Dataset entries
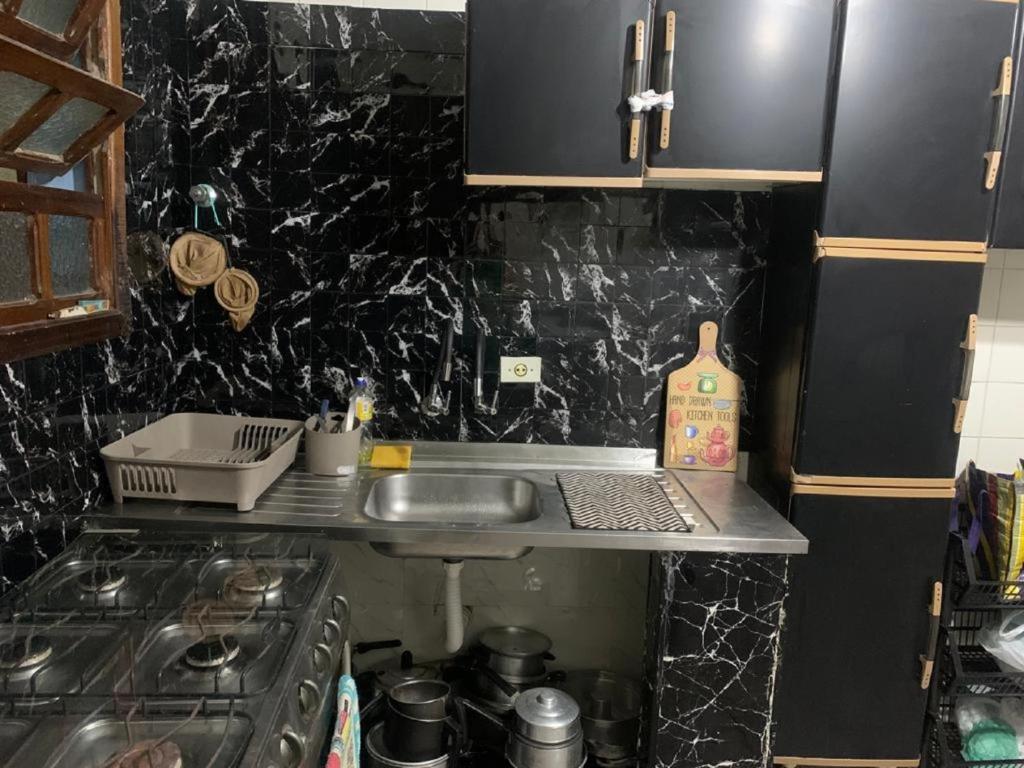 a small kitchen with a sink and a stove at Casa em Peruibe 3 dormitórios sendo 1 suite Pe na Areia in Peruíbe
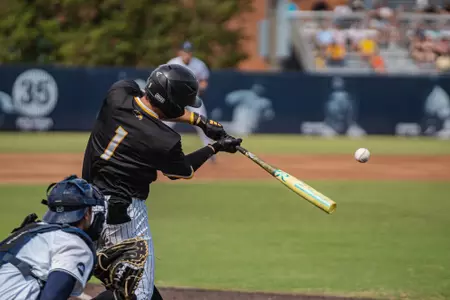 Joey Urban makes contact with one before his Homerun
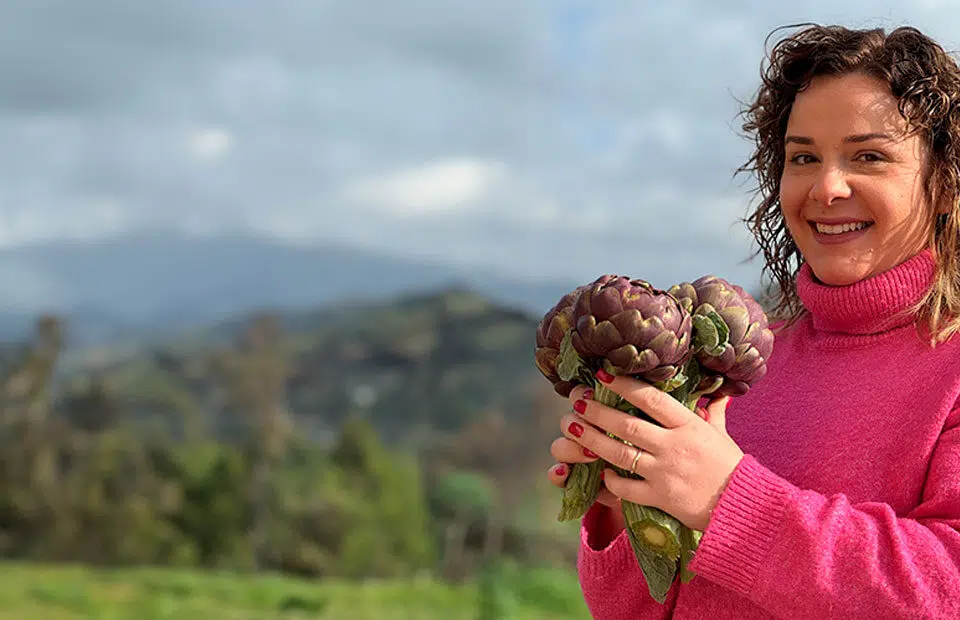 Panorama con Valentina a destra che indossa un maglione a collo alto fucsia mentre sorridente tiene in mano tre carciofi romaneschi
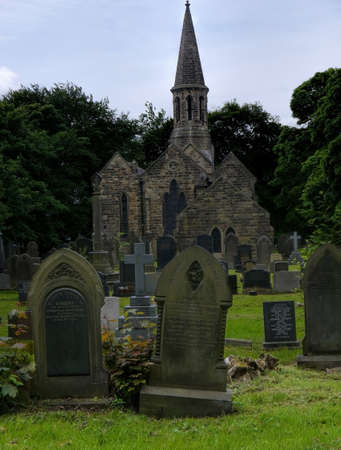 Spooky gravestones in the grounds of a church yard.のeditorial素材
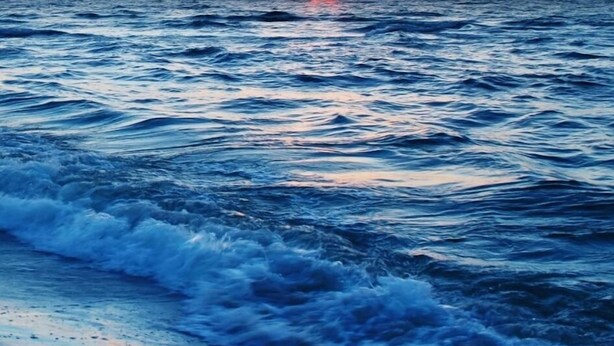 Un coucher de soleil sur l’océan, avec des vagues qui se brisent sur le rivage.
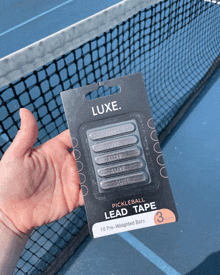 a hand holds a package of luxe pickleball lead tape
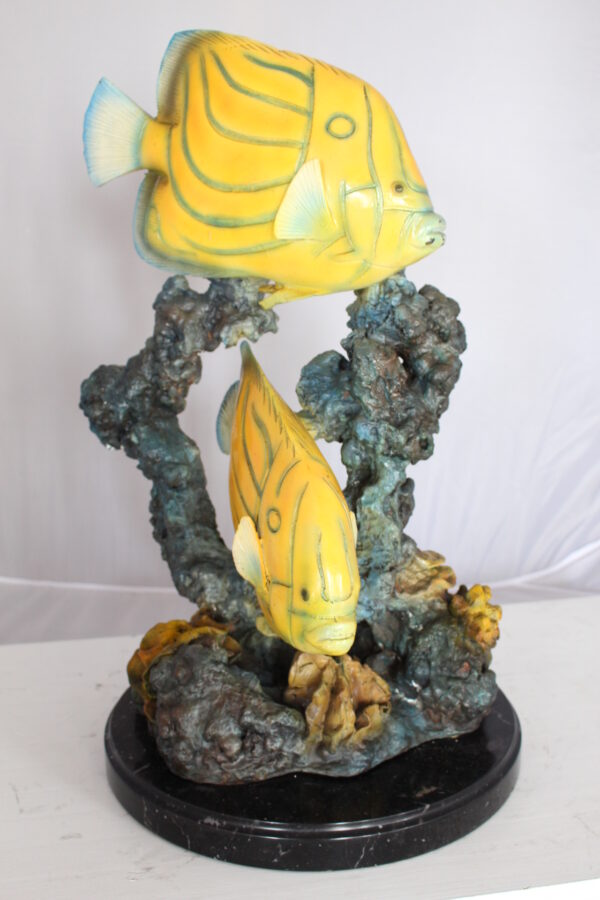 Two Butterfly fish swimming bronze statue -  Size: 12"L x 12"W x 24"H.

Exercise
Please transcribe exactly the lines from the one containing "a hand holds" through the last line of the records above, both included, and leave out every picture.

Task solution
 a hand holds a package of luxe pickleball lead tape
 Two Butterfly fish swimming bronze statue -  Size: 12"L x 12"W x 24"H.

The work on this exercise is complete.